On Jan 22, 2009, at 9:18 AM, Bogdan Costescu wrote:
I'm still having some troubles using the newly released 1.3 with
Myricom's MX. I've meant to send a message earlier, but the release
candidates went so fast that I didn't have time to catch up and test.
General details:
Nodes with dual CPU, dual core Opteron 2220, 8 GB RAM
Debian etch x86_64, self-compiled kernel 2.6.22.18, gcc-4.1
Torque 2.1.10 (but this shouldn't make a difference)

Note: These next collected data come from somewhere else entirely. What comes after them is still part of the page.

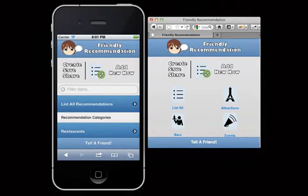Hey guys, this is Patrick. This video is for Project 2 within the Mobile Interfaces and Usability course for January 2012.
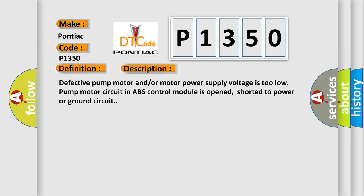Defective pump motor and/or motor power supply voltage is too low. Pump motor circuit ABS control module is open, shorted to power or ground circuit.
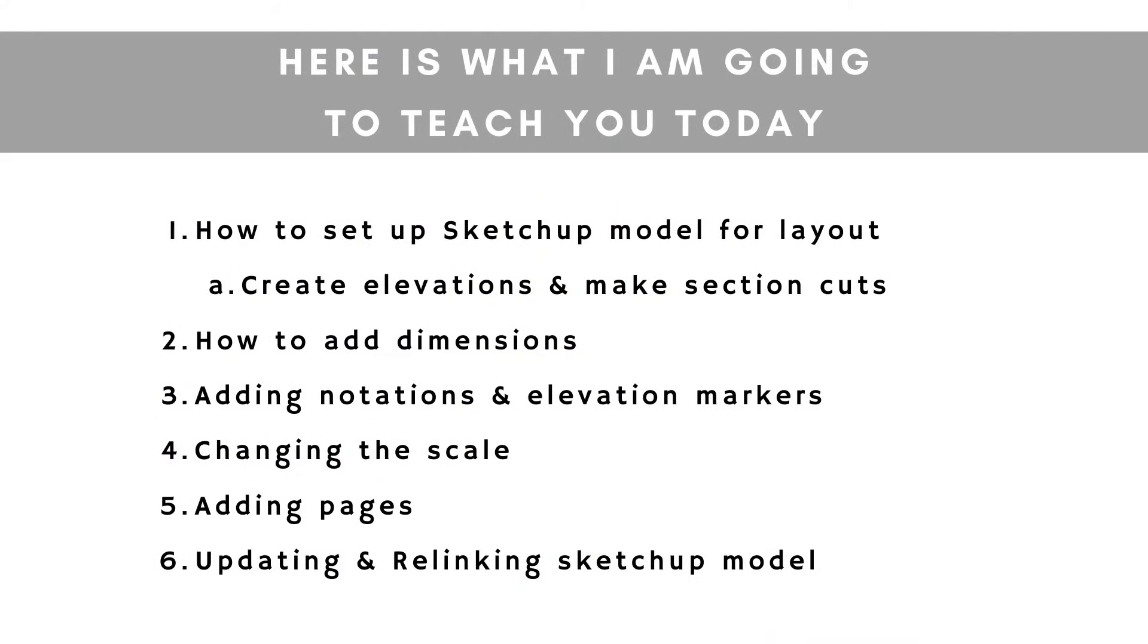And then once we are in SketchUp Layout, I'm going to show you how to add dimensions, add notes, change the scale on things, and also add elevation markers, title blocks, the basic functions that you need in order to get yourself started using SketchUp Layout.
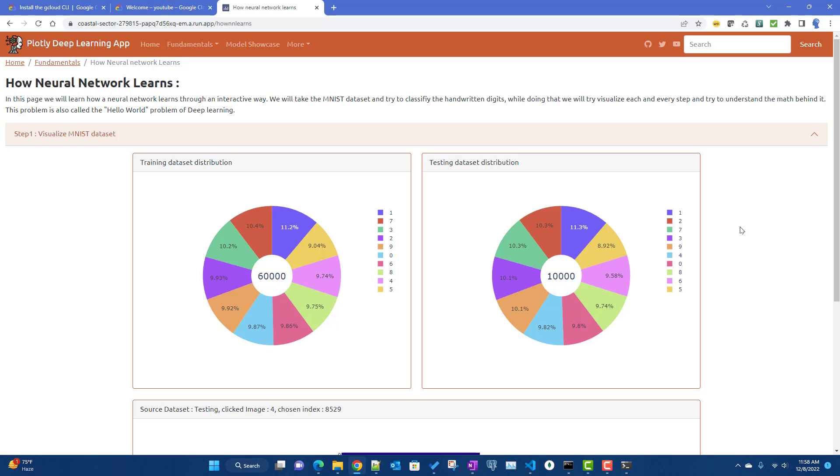We've successfully deployed our Plotly deep learning app into Google Cloud Run using a Dockerfile. From the next video, we will try to build more features onto this app. Hopefully this video was helpful — see you in the next video.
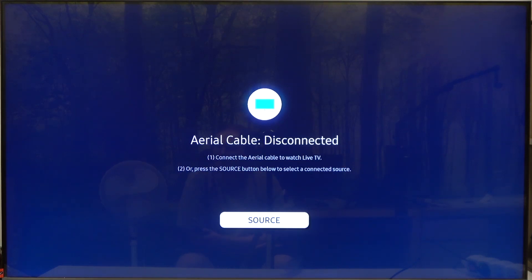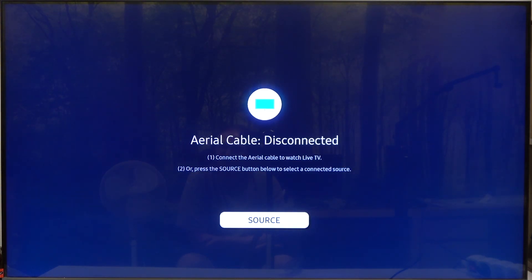Hello, in this video I want to show you how to enable or disable motion lightning on Samsung Smart TV.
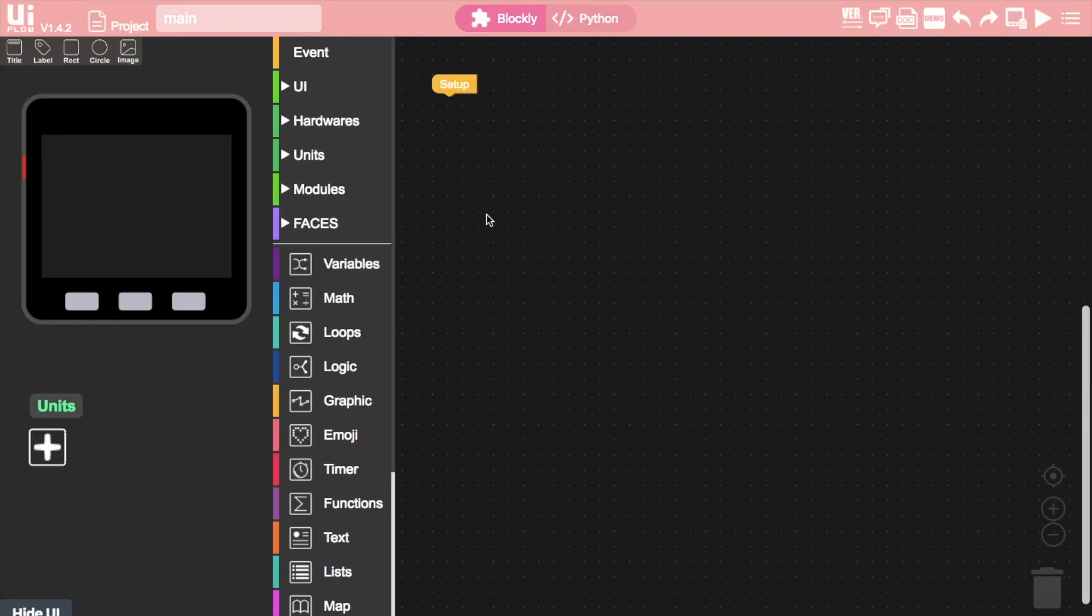Hi there and welcome to the M5Stack official channel. I'm Luke and in this video we'll be looking at five ways that you can transfer files to your M5Stack devices.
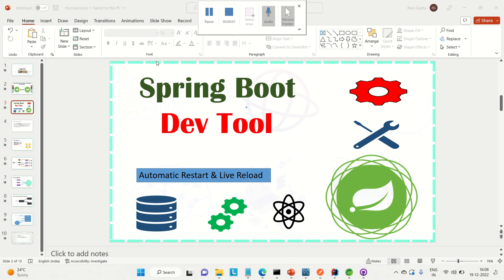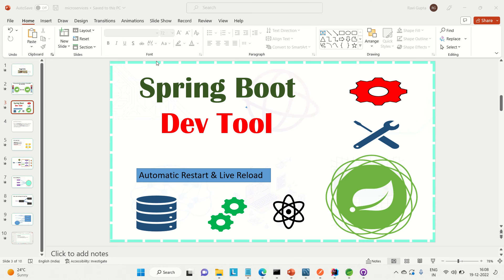Hi everyone, Ravid this side. Welcome to Engineering Ganda. Today I will be discussing the Spring Boot DevTools, which is a starter dependency in Spring Boot that helps us with automatic restart and live reload.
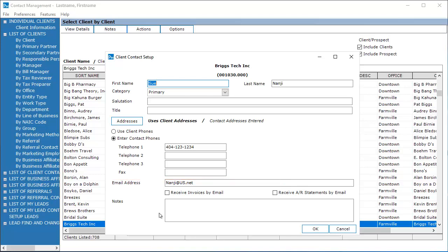Select the option to receive invoices by email and to receive AR statements by email.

MX 1.2.7 with a tiny patch from Myricom
OpenMPI 1.3
IMB 3.1
OpenMPI was configured with '--enable-shared --enable-static --with-
mx=... --with-tm=...'
In all cases, there were no options specified at runtime (either in
files or on the command line) except for the PML and BTL selection.
Problem 1:
I still see hangs of collective functions when running on large
number of nodes (or maybe ranks) with the default OB1+BTL. F.e. with
128 ranks distributed as nodes=32:ppn=4 or nodes=64:ppn=2, the IMB
hangs in Gather.
Bogdan, this sounds like a similar issue to what you experienced in
December and that it had been fixed. I do not remember if this was
tied to the default collective or to free list management.
Can you try a run with:
-mca btl_mx_free_list_max 1000000
added to the command line?
After that, try a additional runs without the above but with:
--mca coll_tuned_use_dynamic_rules 1 --mca
coll_tuned_gather_algorithm N
where N is 0, 1, 2, then 3 (one run for each value).
Problem 2:
When using the CM+MTL with 128 ranks, it finishes fine when running
on nodes=64:ppn=2, but on nodes=32:ppn=4 I get a stream of errors
that I haven't seen before:
Max retransmit retries reached (1000) for message
Max retransmit retries reached (1000) for message
type (2): send_medium
state (0x14): buffered dead
requeued: 1000 (timeout=510000ms)
dest: 00:60:dd:47:89:40 (opt029:0)
partner: peer_index=146, endpoint=3, seqnum=0x2944
type (2): send_medium
state (0x14): buffered dead
requeued: 1000 (timeout=510000ms)
dest: 00:60:dd:47:89:40 (opt029:0)
partner: peer_index=146, endpoint=3, seqnum=0x2f9a
matched_val: 0x0068002a_fffffff2
slength=32768, xfer_length=32768
matched_val: 0x0068002b_fffffff2
slength=32768, xfer_length=32768
seg: 0x2aaacc30f010,32768
caller: 0x5b
These are two, overlapped messages from the MX library. It is unable
to send to opt029 (i.e. opt029 is not consuming messages).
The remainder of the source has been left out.